May the prison bars shatter as His mercy breaks through.
May you find the love that you crave in the most unexpected places.
May you find that His mercy and His grace truly are new every morning.
and yours can be too. "
I wanted to save her, I wanted to tell her,
"someday you will realize--
the people you judge so harshly are the people who care for you the most.
the people you spit on are the people you are called to serve.
the heritage that disappointed you was given to you by God.
the judgment that you give keeps you from the grace you desperately need. "

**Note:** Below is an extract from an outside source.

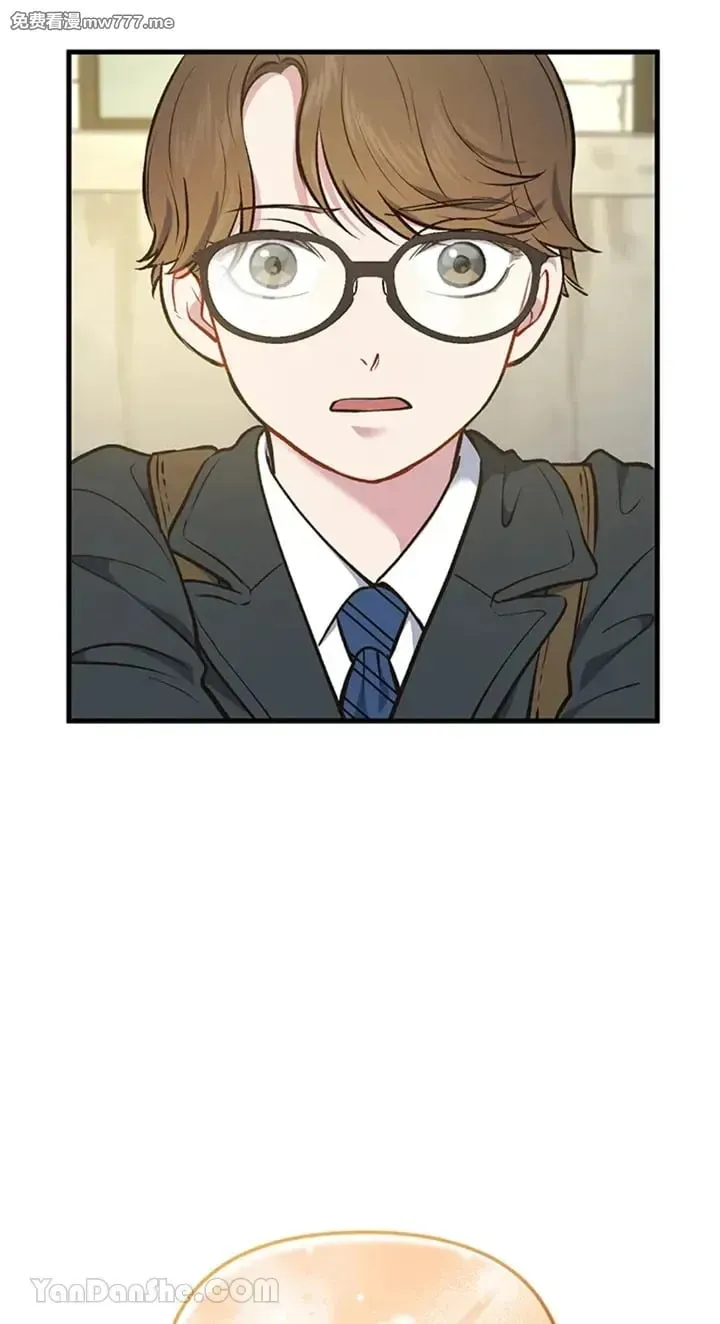 第5话 第40页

But I knew I couldn't. I knew that girl would have to face every heartbreak, and every dark moment, every miracle and every joy the next 10 years would bring and best of all I knew who she would be at the end of those years. The girl whose heart was rather brittle and hard would soften and heal. She would discover that she could fall in love with a 'yankee'. That she actually likes her tea a little less sweet. That severe pain could bring some rather breathtaking and very ALIVE life. That the San Juans would never cease to take her breath away. That God would introduce her to a mercy and a grace and a love that she could hardly begin to imagine. She would eventually find herself surrounded with a beautiful group of friends and family that loved her. She would turn into a glorious mess of a southern girl and a western girl, never fitting in anywhere, but loved anyway. And as I opened the next box, I smiled to myself. I knew the younger me wouldn't trade her experiences for anything, and that is was ALL going to be worth it.